With up to 47 heads of state and government invited, not much time is allotted for general group discussions, but diplomats hope the side meetings will address real issues. 

President Macron and German Chancellor Olaf Scholz will call a meeting between rival Armenian Prime Minister Nikol Pashinyan and Azerbaijan President Ilham Aliyev.
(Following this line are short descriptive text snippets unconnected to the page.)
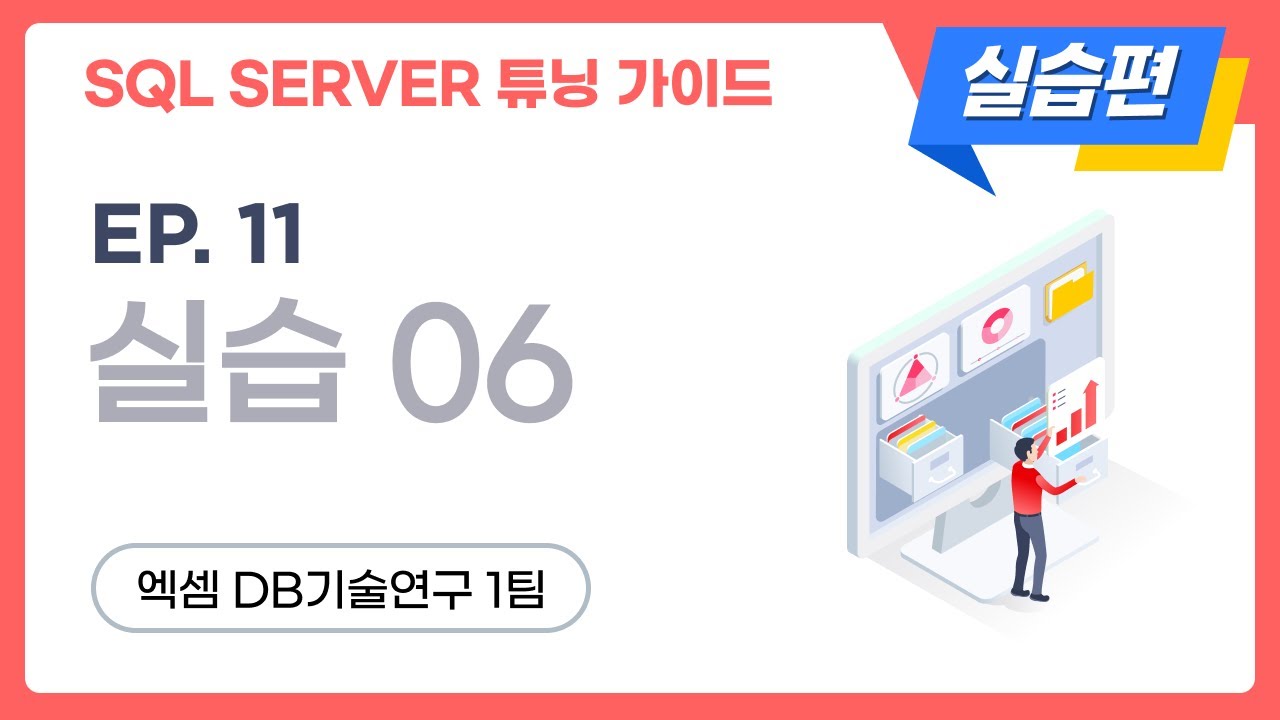 SQL SERVER 튜닝 가이드 실습편 | ep.11, 실습6 - YouTube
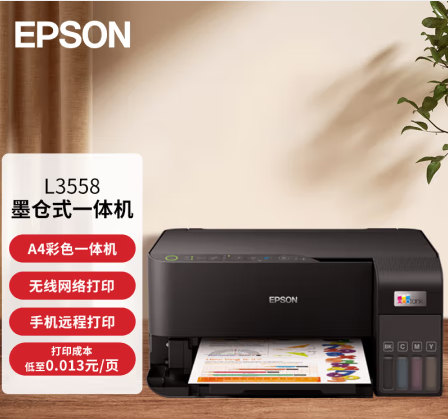 爱普生(EPSON)L3558 A4彩色打印机 多功能一体机 无线WIFI (打印 复印 扫描)家用办公打印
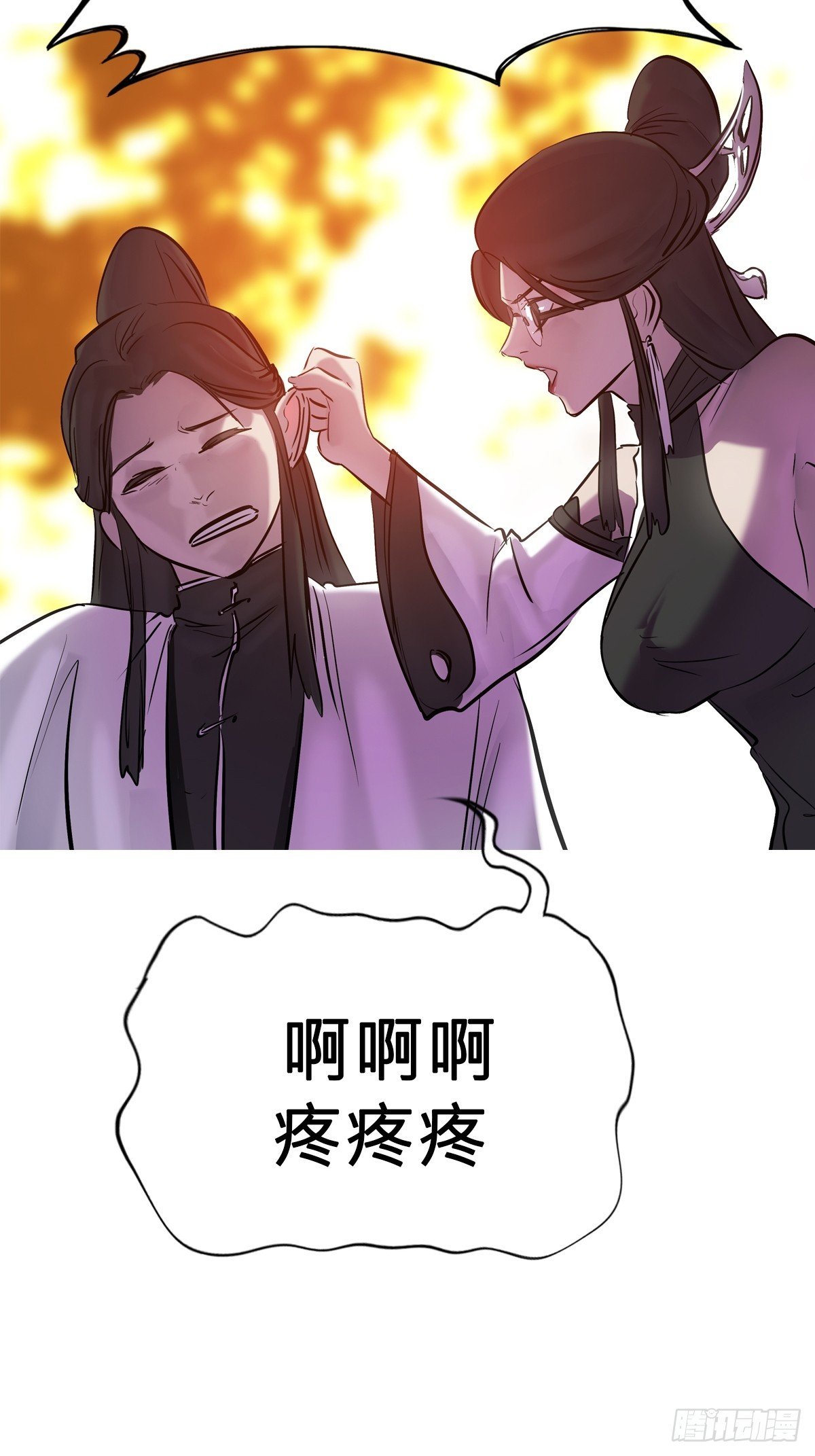 宴会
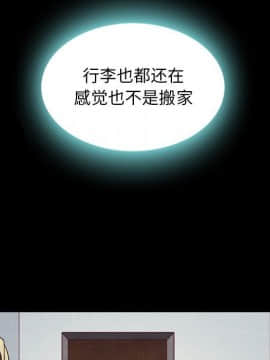 沉淪 1-51話_07_0979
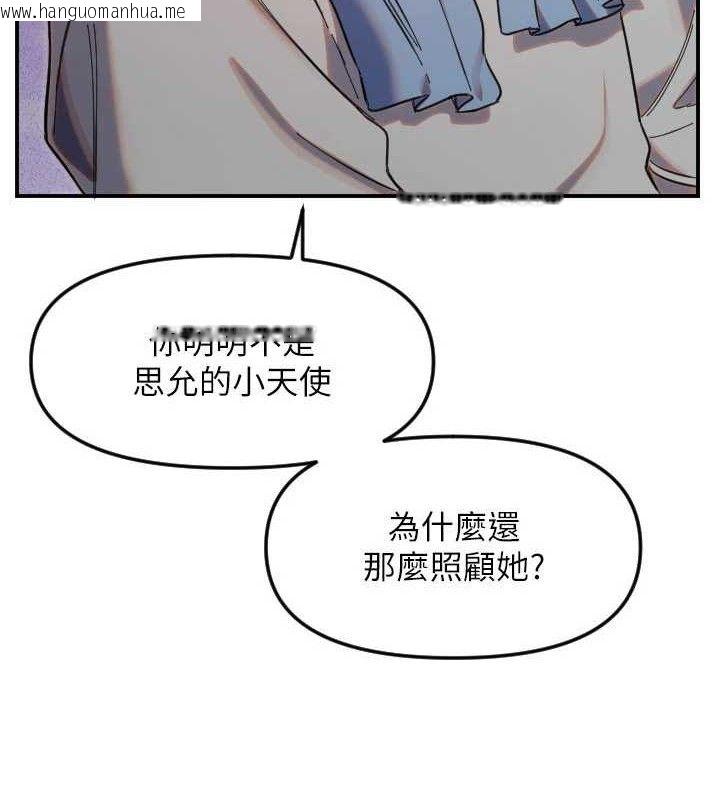 韩国漫画守护天使韩漫_守护天使-第50话-什么时候开始对他心动的?在线免费阅读-韩国漫画-第82张图片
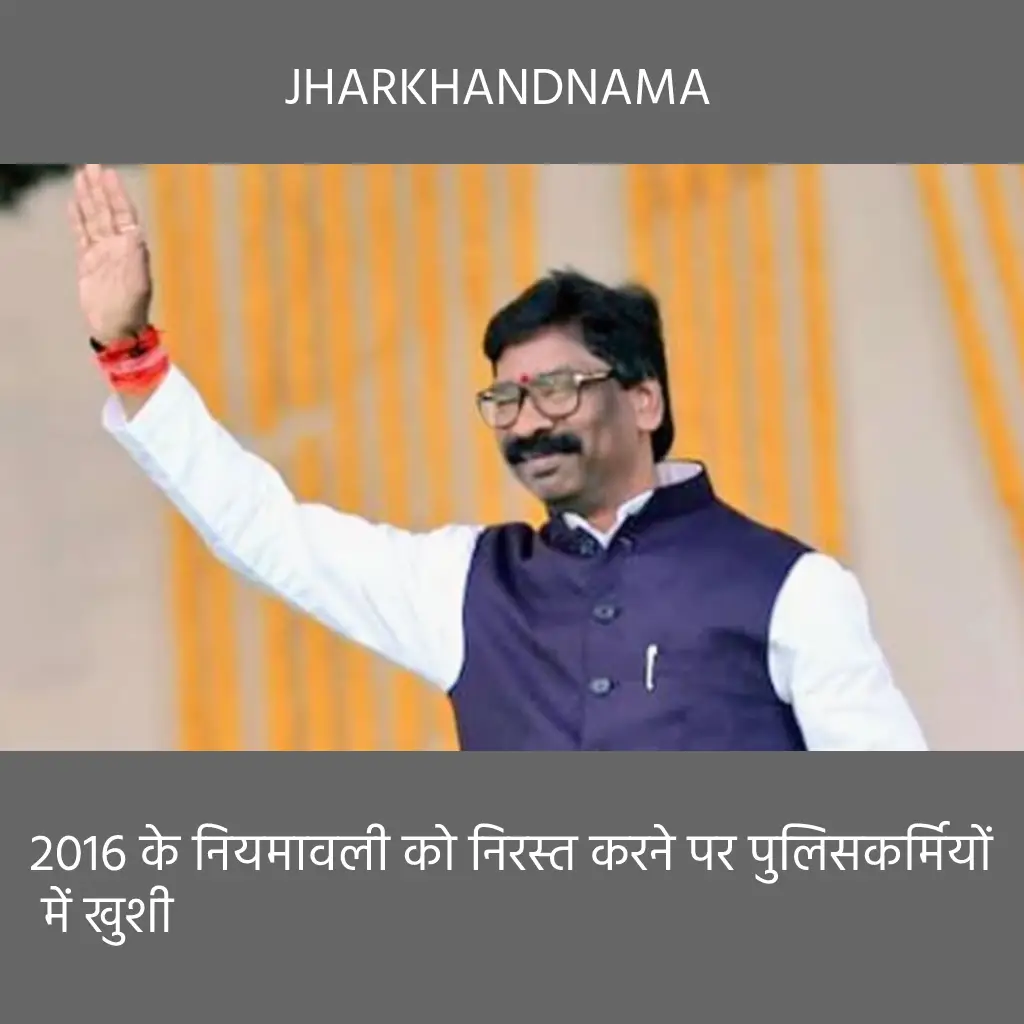 2016 के नियमावली को निरस्त करने पर पुलिसकर्मियों में खुशी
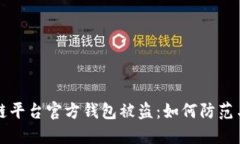 区块链平台官方钱包被盗：如何防范与应对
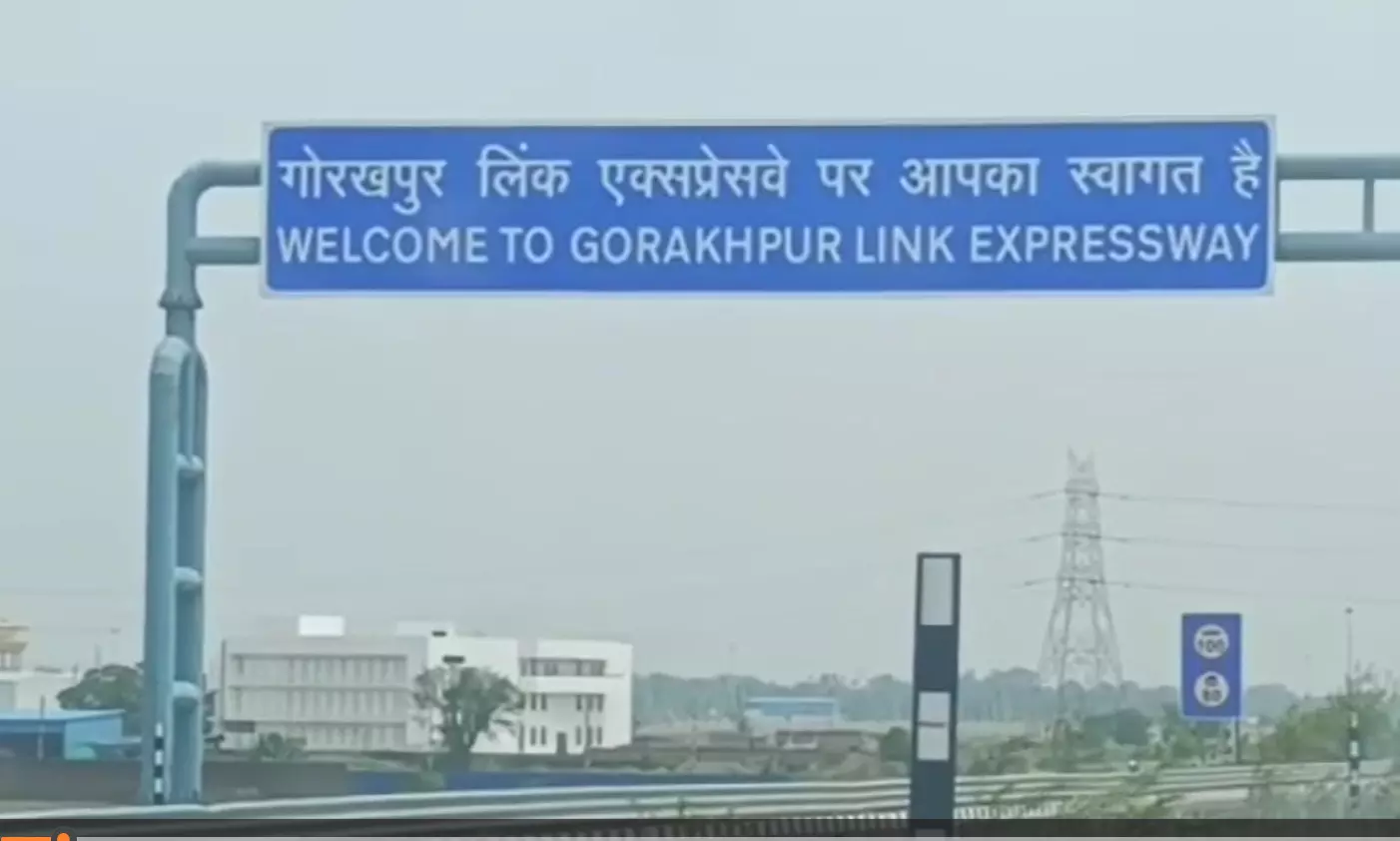 गोरखपुर लिंक एक्सप्रेसवे का लोकार्पण आज, सीएम योगी करेंगे उद्घाटन गोरखपुर लिंक एक्सप्रेसवे का लोकार्पण आज, सीएम योगी करेंगे उद्घाटन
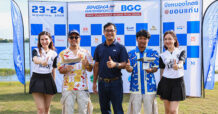 BGC หนุนศึกเรือเร็ว “BGC Powerboat Grand Prix 2026” สนามขอนแก่น ดันกีฬาทางน้ำไทยสู่เวทีสากล พร้อมกระตุ้นเศรษฐกิจและการท่องเที่ยวภูมิภาค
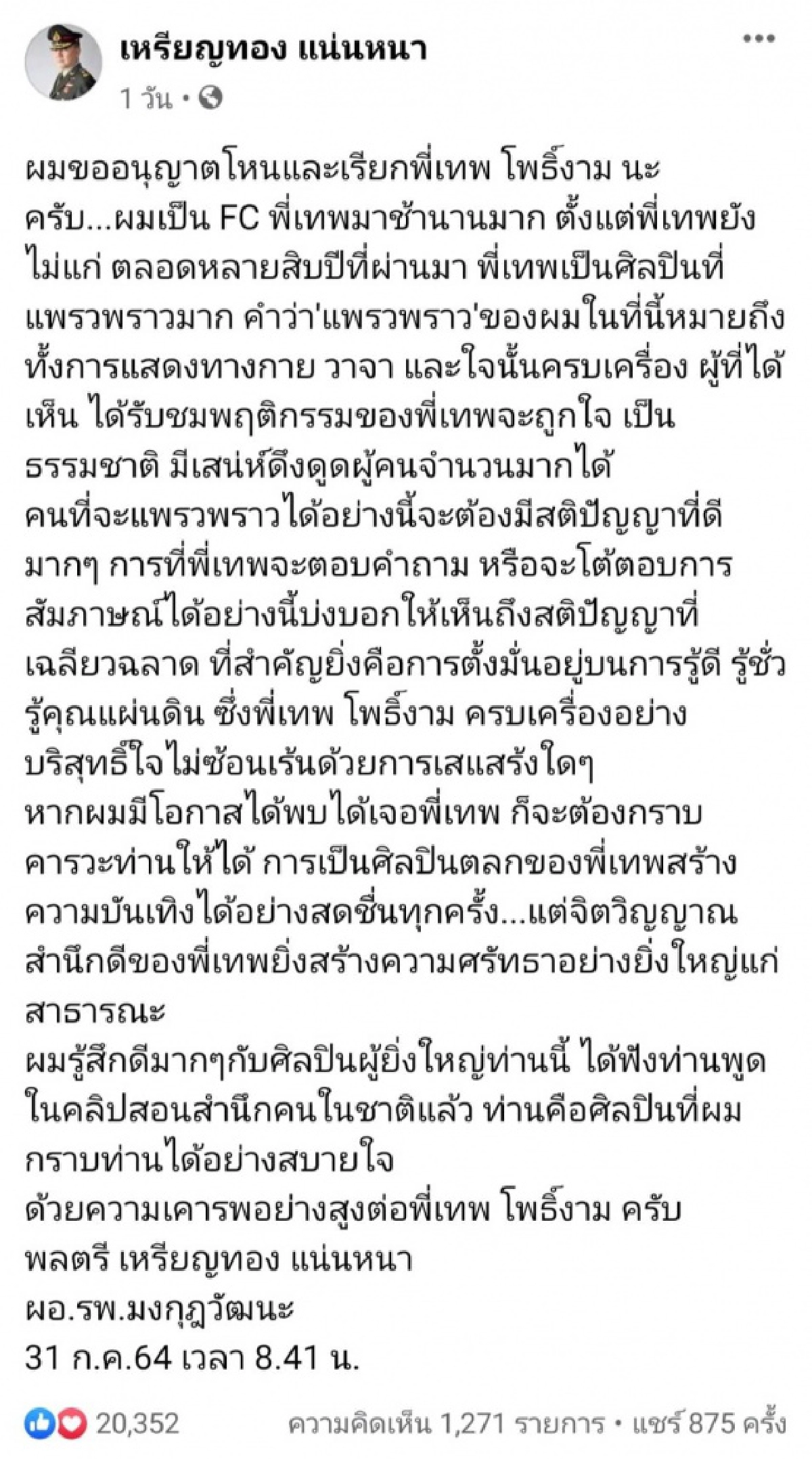 "หมอเหรียญทอง" ขอกราบคารวะ ยก "ป๋าเทพ" เป็นศิลปิน รู้ดี รู้ชั่ว รู้คุณแผ่นดิน  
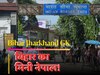 बिहार-झारखंड जीके
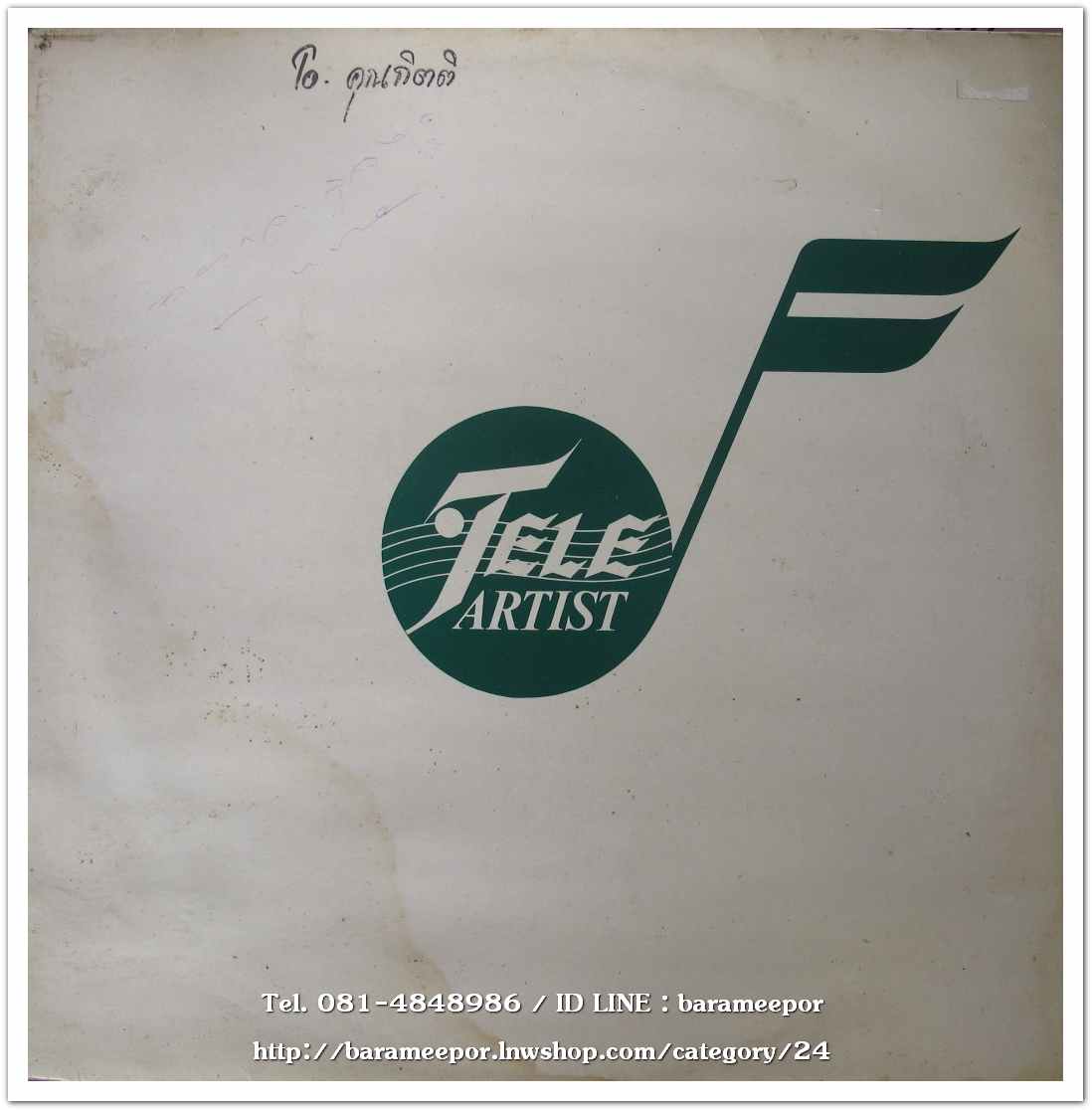 สิวะ แตรสังข์ ชุด ยังเงี้ยะ..สิวะ แผ่นตัด 6 เพลง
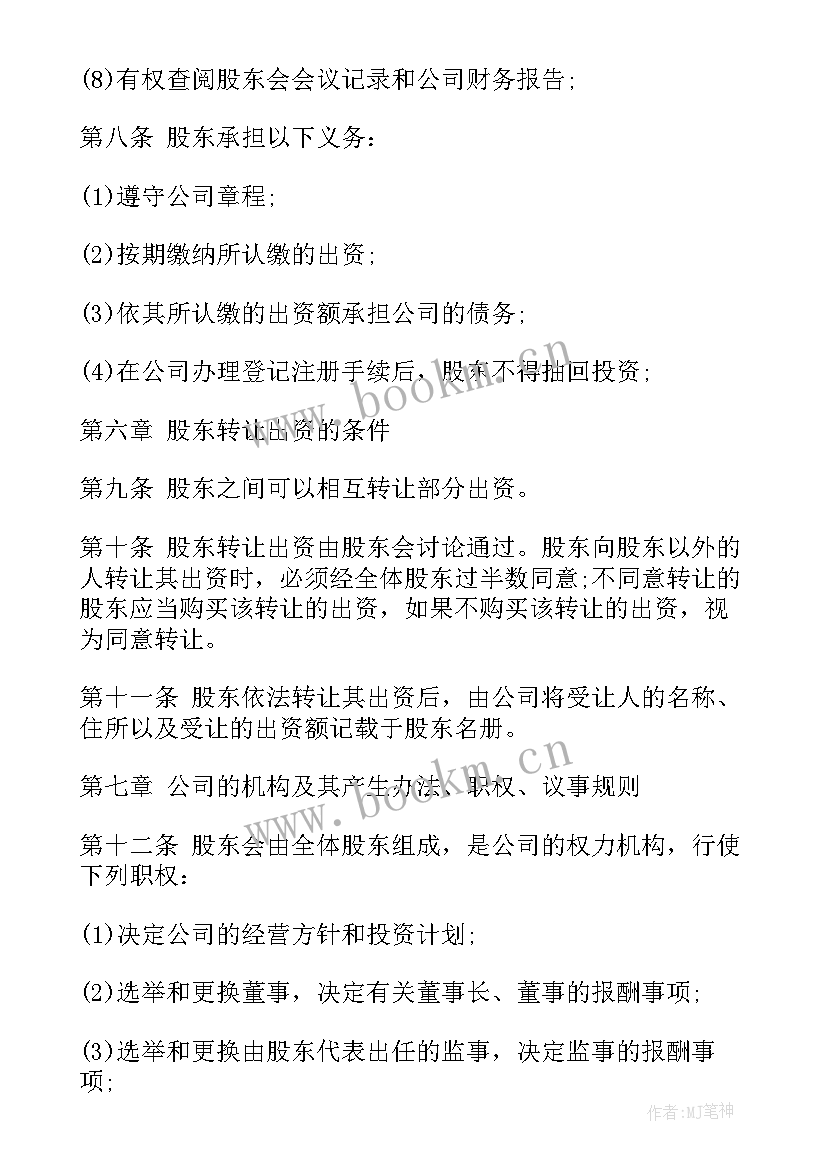 2023年股权分配协议 上市公司股权分配协议书(大全5篇)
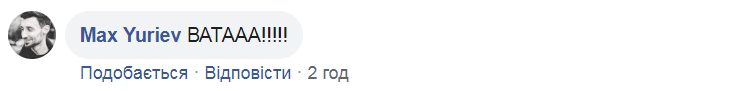 Батько Смілянського фанат русского мира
Yerevan and Baku have been at odds for decades over disputed Nagorno-Karabakh territories, but both were invited to the EPC as Washington and Brussels pushed for a peace deal.

Another long-running conflict in Europe, the Serbian-Kosovo standoff, is also on the agenda, with leaders in Pristina and Belgrade under pressure to de-escalate.

“We also need to think about a larger Europe,” French President Emmanuel Macron, who first unveiled the EPC, told reporters in Bratislava on the eve of the summit.

Ukrainian President Volodymyr Zelensky, who arrived at the summit on Thursday morning, called for solidarity as well as progress on Ukraine’s parallel efforts to join NATO and the European Union.

The Moldova Summit will also take place at a time when NATO ministers, including US Secretary of State Anthony Brinken, are meeting to discuss the agenda for the alliance’s next summit.

The NATO summit in Vilnius on July 11 will discuss when and how Kiev will join the alliance and how much to formalize its pledge to Kyiv, but until then Meanwhile, Europe is keen to show support.

Macron has acknowledged that Ukrainian forces fighting Russian invaders in eastern and southern Ukraine are “defending Europe”.

Finally, for Moldova itself, the summit marks an important step on the road to the future of Europe from a former Soviet republic partially occupied by Russian “peacekeepers”.

The summit’s organizer, President Maia Sandu, wants formal EU accession negotiations to begin this year to save “our democracy” from Russian interference, as have Ukraine and Georgia.

On the eve of the summit, she received strong support from European Commission President Ursula von der Leyen, who praised Moldova’s “great progress” in reforms demanded by the EU. “Moldova is in the heart of Europe.  And all of Europe is Moldova today and tomorrow,” von der Leyen said.